(Dataset section)
::::
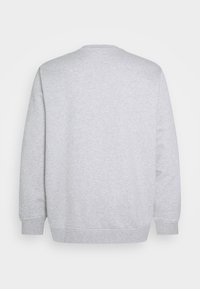 Sudadera gris con cuello redondo, mangas largas y un diseño sencillo. Está hecha de una tela suave con textura lisa y puños acanalados.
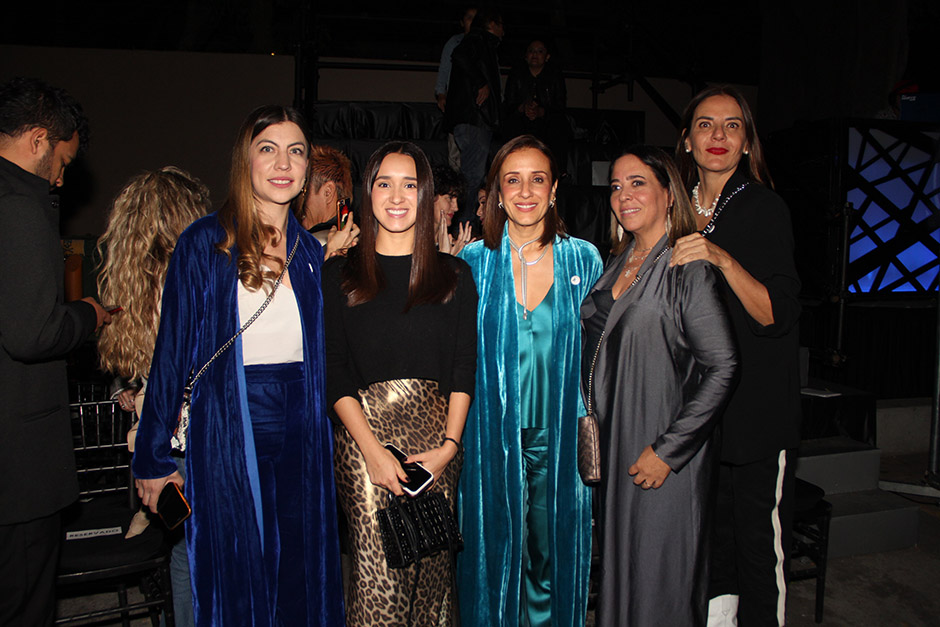 Michelle Becerra, Camila Lemus, Maye Villa de Lemus, Paulina González Guerra y Arlette Chapoy.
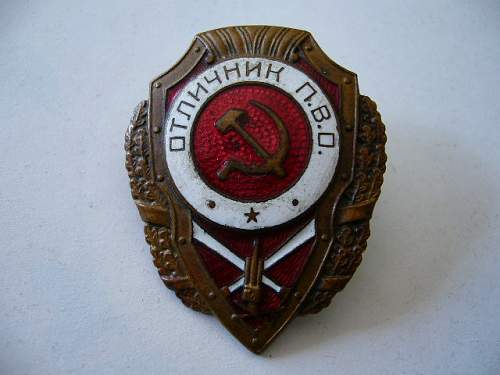 Soviet 'Excellent' badges, Question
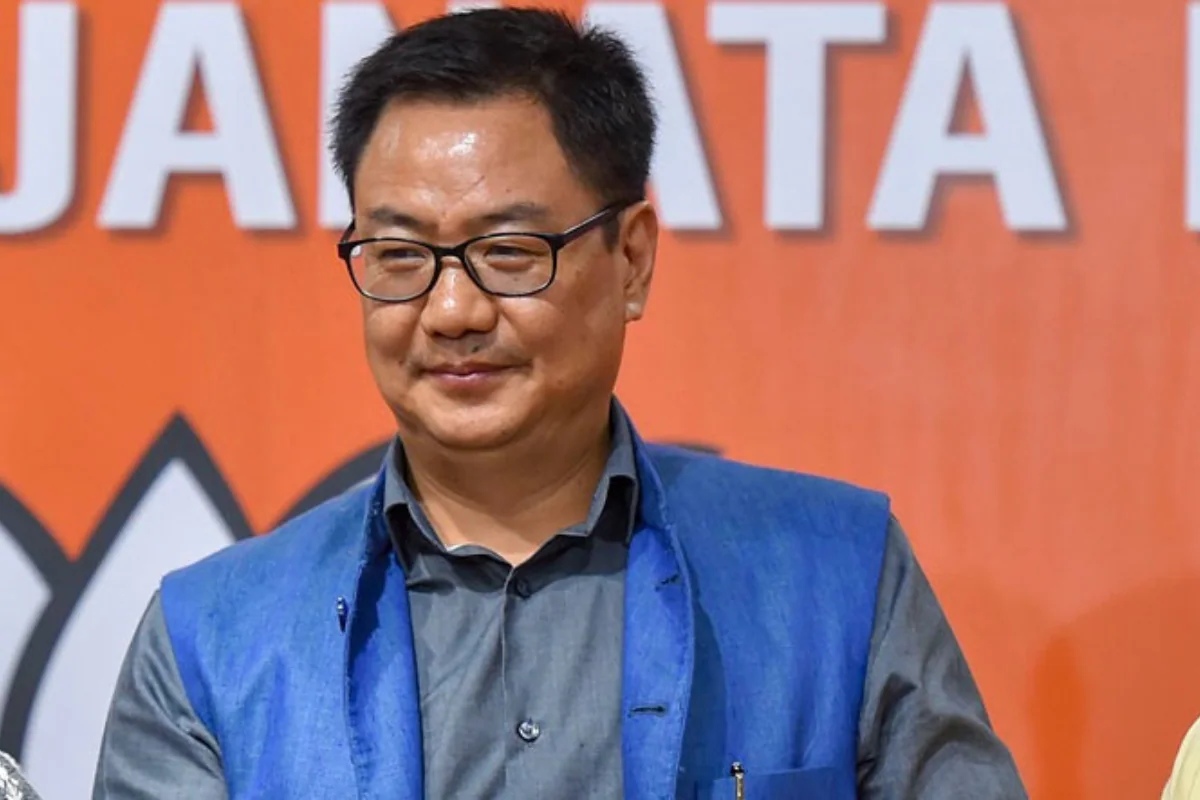 ‘चिल्ला-चिल्ला कर मेरा गला भी बैठ गया.., मानसून सत्र में हंगामे पर बोले रिजिजू, कहा – बीजेपी हमेशा सत्ता मे नहीं रहेगी लेकिन..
::::
(Problem to work on)
Output the data above exactly. Drop every picture.

(Solution to this problem)
 Sudadera gris con cuello redondo, mangas largas y un diseño sencillo. Está hecha de una tela suave con textura lisa y puños acanalados.
 Michelle Becerra, Camila Lemus, Maye Villa de Lemus, Paulina González Guerra y Arlette Chapoy.
 Soviet 'Excellent' badges, Question
 ‘चिल्ला-चिल्ला कर मेरा गला भी बैठ गया.., मानसून सत्र में हंगामे पर बोले रिजिजू, कहा – बीजेपी हमेशा सत्ता मे नहीं रहेगी लेकिन..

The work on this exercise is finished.